A              Valinor – Values Normalization

A.1          Basic Information

There are many cases of numeric data in databases representing the same thing that are directly incomparable because of their distinct units. The Valinor tool aims to solve the problem by normalization of the values into same units. It provides methods for automatic values normalization in an ontology repository.

In the simplest cases it is reduced to a problem of converting one basic unit to another one. However, there are more complex units, for which possible conversion table could be rather large, for example velocity can be expressed in meters per second, miles per hour etc. Such cases are characterized by values which units are composed of other (basic) units, which is the reason of increase of the conversion table size.

In our project NAZOU (Návrat et al., 2005), we faced a similar problem. We are storing values of salaries for job offers, which are naturally expressed in various units, e.g. EUR per year, or USD per hour. We wanted to compare salary information directly between distinct job offers and thus we needed a method for automatic value conversion from an arbitrary unit to a specified normalized unit. We decided to store the normalized values in the original database, which is RDF ontology of job offers gained from the Web. In order to achieve higher flexibility, we did not decide to implement conversions into the chosen normalized unit only, but allow conversions between any two possible units.

In the spirit of the above-mentioned examples, a possible solution should satisfy the following requirements:

§  Direct conversion coefficients should be held only for atomic units, which are not composed of other units.

§  Conversion coefficients need not be held for each pair of atomic units — the conversion table need not be fully pre-computed.

§  Units composed of other units are converted using conversions between atomic units.

§  The way of particular value conversion should be based on declaratively stated relationships between basic units, and should be dynamically computed.

§  The method should be universal — usable for conversion between any comparable units.

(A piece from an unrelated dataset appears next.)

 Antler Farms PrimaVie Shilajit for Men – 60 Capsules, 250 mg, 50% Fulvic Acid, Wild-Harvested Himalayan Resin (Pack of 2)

§  The method should be flexible enough — e.g. change of normalized unit or adding a new unit are easy changes.

A.1.1      Basic Terms

Normalization

The process by which the given numeric values are transformed into one selected common unit.

Ontology

Description of data and data itself of an information domain in the form of taxonomy of concepts and relations between them.

(Information) Domain

The information (problem) area, where the tool normalizes given values. We use the domain of job offers as an experimental information space.

Repository

Repository is an ontological database that holds all information about a specific domain.

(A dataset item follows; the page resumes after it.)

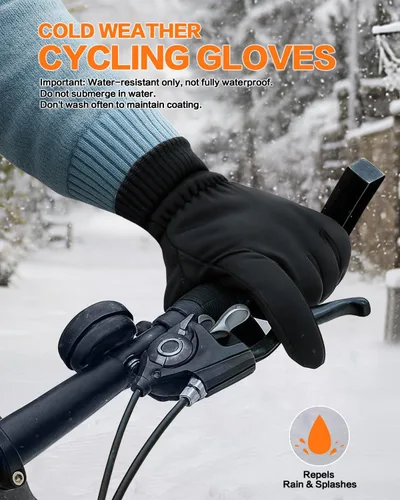 Miniatura 5 de Guantes de invierno para hombres y mujeres en clima frío, guantes térmicos con dedos para pantalla táctil, guantes cálidos resistentes al agua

A.1.2      Method Description

The method for values normalization serves for the conversion of the ontological properties, which are expressed in different units and which should be comparable to each other. The normalization method is declaratively defined and is flexible for changes, so the proposed requirements should be fulfilled.

Any data stored in a database, and especially in an ontology, can be viewed as logic statements about entities described by the data. Inference of new statements from existing (known) statements is the focus of logic programming (LP) approach which we choose as the platform for values normalization. Logic programming is a tool universal enough for the realization of values conversions.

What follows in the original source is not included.